I think a lot of what drives video game companies to release old versions of their game is chalked up to nostalgia when the more obvious and abundant force is the power of a second draft. Runescape classic was ahead of its time as a MUD game displayed visually, and what followed as Runescape 2 was a rather harsh step away from its predecessor. Items that were created en mass via duplication bugs entered into the game economy, stats were transferred over from older accounts, and what was left wasn’t really a fresh start into a new world, but rather a continued journey that inherited many of the flaws from the previous one by virtue of not starting players off with fresh accounts. This is also true for the rather slow and painful push into Runescape 3, which today has so many flaws mixed in with the good that the game deserves an article all for itself just on the tedious nature of trying to define it.

Classic WoW took the approach of “sharding” a method of layering players on the same servers into a sort of sub-server so that high-prioritized areas early on into the game’s lifespan weren’t overrun with questers all trying to do the same XP grab. It didn’t work perfectly, but it did help the players complete their early game in a timely manner, and that serves as an example of developers reworking a system retroactively to better create an experience that’s enjoyable.

Image via Jagex

The Oldschool Runescape team (which is a re-released version of Runescape 2) started every account fresh, took a democratic methodology to game updates, and outright locked content (such as the construction skill) before ensuring that it was ready for player use without incident (not naming names, but I’m sure nobody wanted to be the victim of another Fally Massacre). Despite being riddled with bots, the early game experience was truly something to behold. Players mining essence for gold, players spamming colored and animated trade messages in the Varrock bank, people struggling to find half decent gear once they hit 40 defence, the whole kazoo. It was awesome.

And like all awesome things, it came to an end. Today, OSRS spends its time pushing the envelope for what players can expect as an experience all the way to max stats. New quests, new game modes, new mini-games, new everything. In addition, the OSRS dev team spends a great deal of its energy theorizing ways to create a healthy sense of longevity in the economy. Item sinks, gold sinks, and that sort of thing. In short, the game is doing well, even though it has its fair share of problems, and even though it’s far different from how it was upon release.

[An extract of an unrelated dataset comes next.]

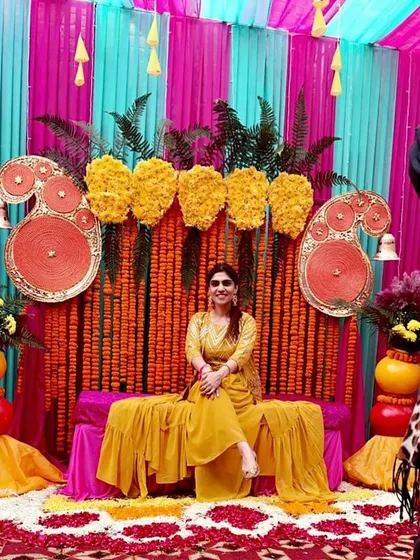 A happy bride posing against a vibrant Haldi backdrop. The combination of marigolds, paisley motifs, and colorful drapes creates a joyful and photogenic setting.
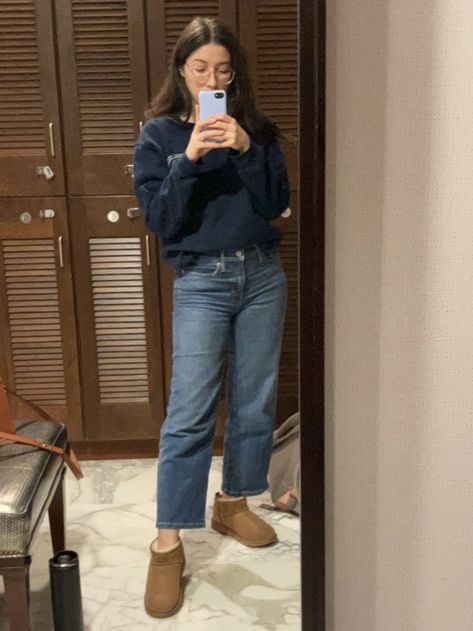 Young woman with dark hai and light skin takes a picture in front of a mirror. Wearing wide leg blue jeans, navy blue sweatshirt and chestnut color ultra mini Uggs. Ultra Mini Ugg Outfit Ideas, Ugg Ultra Mini Outfit Jeans, Ugg Mini Outfit Ideas, Outfits With Short Uggs, Short Uggs With Jeans, Ultra Mini Uggs Outfit Jeans, Mini Uggs Outfit Jeans, Ugh Mini Boots Outfit Jeans, Classic Ultra Mini Uggs Outfit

And that leads me back to Runescape 3. Where the OSRS dev team had the foresight to prioritize longevity in their game design, the Runescape 3 team absolutely did not. RS3 devs created the invention skill, which used old, mostly useless items in large quantities as a training method. This brought the price of these items up in very successful fashion and that, ladies and gents, is where the compliments from me will stop.

Image via Jagex

RS3 suffers from “content bloat”. A sickness that appears in games where the developers fail in thinking ahead on how space is used in their game and, after enough time, end up with a world more akin to a carnival with rides packed together than a natural, seamless space that might exist in reality (or, at least, in the game’s reality.)

Take a walk through RS3 for 5 minutes and you’ll find all kinds of distractions that are at odds with one another. Lore building NPCs that are smashed right next to a bank that’s awkwardly place on the side of a mountain that plays host to a teleport pad that’s placed not 10 seconds away from another teleport pad that’s next to yet another bank which hosts a dock to yee-old-dungeoneering training. This is just one part of the map. In other parts, you’ll find old training methods that are now useless, but take up a good 15% of an area’s mass next to three other large eyesores that no one uses. This is a result of the content bloat: RS3 devs added one of these four things at one point by itself, and that was fine. They then added another thing, and another, and at some point or another they realized that they added so many things that now the map wasn’t a natural looking town or swamp, but just a collection of game-like awkward and unattractive baffoonaries.

And this leads me to my desire; a Runescape 4. Clean up the world, update the training methods for a sense of consistent viability, make old combat equipment useful at specific content, make top tier combat equipment worse at specific content, reset the economy, reset the stats, let ironmen dungeoneer together, release group ironman mode, and change the name of the game from Runescape 4 to Geilinor. Add more item sinks, gold sinks, lower the rate at which resources enter the game, and make it so that non-ironmen players have real reasons to train every skill beyond simple quest requirements.

That’s maybe 3-4 years of work, shouldn’t be too hard.